Highlights & Insights

  • Decoupling token count from representation resolution: Separating "token reduction" from "resolution reduction" by modifying only the patch size is the cleanest insight of this paper—bypassing the entire complexity of jump points and re-noising.
  • The complexity identity \(I^2Cd\) is elegant: It proves that linear projection overhead is independent of patch size, making "swapping projections while sharing the backbone" a nearly free lunch that can be directly applied to any existing DiT/FLUX.
  • Average/Copy initialization keeps the cost of adapting from pre-trained models to a single-digit percentage of pre-training FLOPs, making it engineering-friendly and essentially "plug-and-play" for acceleration.
  • The concept of "allocating compute adaptively based on noise intensity" is transferable to any patchify-based diffusion/flow framework, such as video or 3D generation.

Limitations & Future Work

  • The number of stages, transition points, and patch sizes per stage are fixed schedules set manually; the paper does not provide an automated search scheme, meaning adjustments might be needed for different datasets/resolutions.
  • Acceleration gains are limited by the maximum usable patch size and the proportion of high-noise stages; benefits are diluted when low-noise stages (full tokens) are long.
  • Evaluation focuses on ImageNet class-conditional and FLUX text-to-image generation; scalability to more complex video/long-sequence generation is mentioned only as future work.
  • Although there are no resolution jump points at stage transitions, the paper does not deeply explore if subtle representation discontinuities exist between different patch size projections or how robust the approach is to extreme prompts.
  • vs. Pyramidal Flow / PixelFlow: These change representation resolution between stages, creating jump points and violating the continuity equation, requiring re-noising stitches. PPFlow maintains full resolution and changes only patch size, avoiding re-noising and achieving better quality and stability (FID 15.68 vs 27.69).
  • vs. FlexiDiT / Lumina-Video: These also use large patches at high noise, but each patch size covers all timesteps during training, leading to train/test inconsistency. PPFlow trains each patch size only on its corresponding noise segment, specializing for that intensity and yielding better results (FID 2.15 vs 2.25 at ~63% FLOPs).
  • vs. Distillation / Consistency Models / Quantization: Methods targetting the number of forward passes or per-pass cost are orthogonal to PPFlow.
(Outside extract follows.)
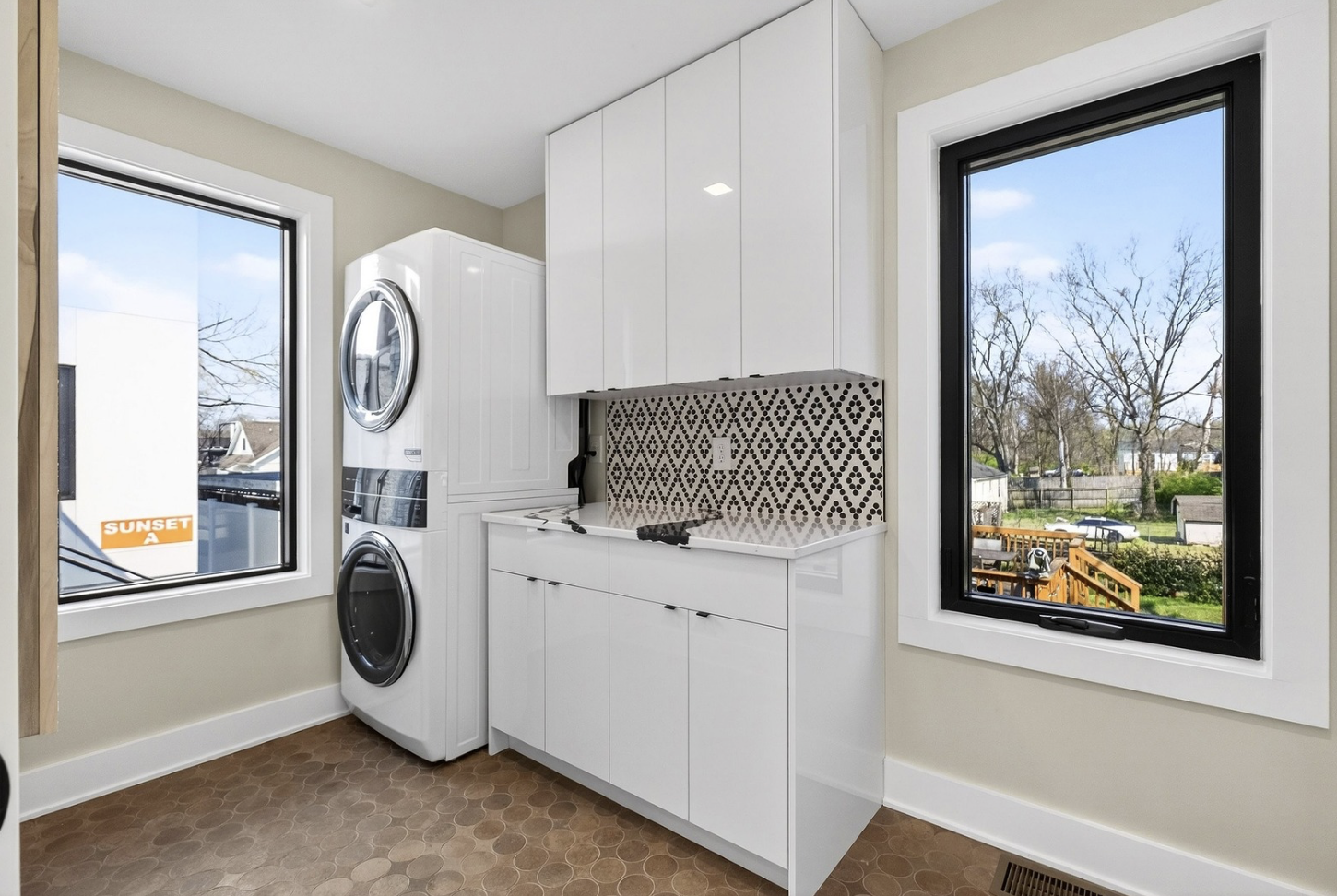 Laundry Room - Level 2 Project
PPFlow reduces the "token count per forward pass" and can theoretically be combined with distillation or quantization for further speedups.

Rating

  • Novelty: ⭐⭐⭐⭐ Decoupling token reduction from resolution reduction via patch size is simple yet hits the mark.
  • Experimental Thoroughness: ⭐⭐⭐⭐ Covers from-scratch/adaptation, multiple resolutions, class-conditional + text-to-image, and direct comparisons with multiple acceleration routes.
  • Writing Quality: ⭐⭐⭐⭐ Clear methodology, sound complexity derivation, and thorough distinction from related works.
  • Value: ⭐⭐⭐⭐ Highly practical, enabling 1.6×~2× speedups for existing DiT/FLUX models with minimal modifications.